O documentário tem a virtude de dar uma imagem o mais afastada possível dos clichés que normalmente acompanham as biografias do músico que, já agora, para quem não saiba, nasceu com o nome de Johnny Allen Hendrix (a seguir seria Jimmy James) a 27 de Novembro de 1942, em Seattle, nos Estados Unidos, e faleceu como Jimi Hendrix a 18 de Setembro de 1970, em Londres. Aos 27 anos, portanto, vítima de tudo. Não há imagens de guitarras em chamas nem da mítica interpretação de “Star spangled banner” a fechar o festival de Woodstock, em 1969.

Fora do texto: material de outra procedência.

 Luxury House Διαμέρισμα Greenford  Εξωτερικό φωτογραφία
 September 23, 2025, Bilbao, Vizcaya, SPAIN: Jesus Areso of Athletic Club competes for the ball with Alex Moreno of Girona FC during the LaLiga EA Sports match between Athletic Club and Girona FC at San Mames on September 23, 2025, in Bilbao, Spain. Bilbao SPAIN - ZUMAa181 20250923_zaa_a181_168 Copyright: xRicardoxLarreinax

“Hey Joe” não condescende. Ao contrário das afirmações da sua meia-irmã e agente comercial póstuma, que não se cansa de apregoar que o seu atual ganha-pão não se drogava nem sequer se permitia fumar um cigarrinho de vez em quando, o documentário não foge, por assim dizer, com o rabo à seringa, à semelhança, aliás, do próprio músico, utilizador assíduo da dita… Até porque, neste como em outros casos (Joplin, Morrison…) são inseparáveis uma vida de excessos e uma música de excessos.
Assim, por uma vez, não foi consultada a senhora, sendo convidada para falar gente bastante mais avalizada para o fazer. Por exemplo, Linda Keith, amiga de Keith Richards, dos Stones, que apresentou o então adolescente Jimmy James ao baixista dos The Animals, Chas Chandler, que viria a ser o seu futuro agente e produtor; Eric Burdon, líder e vocalista dos mesmos The Animals, amigo do ácido e de quem se diz ter em sua posse uma nota de suicídio deixada por Hendrix; Noel Redding, Kathy Etchingham, a primeira namorada londrina, Gerry Stickells, road-manager, Juma Sultan, percussionista acompanhante do guitarrista em Woodstock, Chris Stamp, irmão do ator Terence Stamp.
Além das entrevistas e depoimentos, “Hey Joe” utiliza ainda material dos arquivos pessoais de Noel Redding, mostra o encontro de Hendrix com o rocker francês Johnny Hallyday e imagens do derradeiro e caótico concerto do guitarrista, realizado na Alemanha 12 dias antes da sua morte.
De Jimi Hendrix ficará para sempre a imagem do tímido que se transformava em deus pagão cada vez que pegava na guitarra. A sua vida e a sua música foram, afinal, e no limite, o que o seu grupo anunciou desde o início: uma experiência.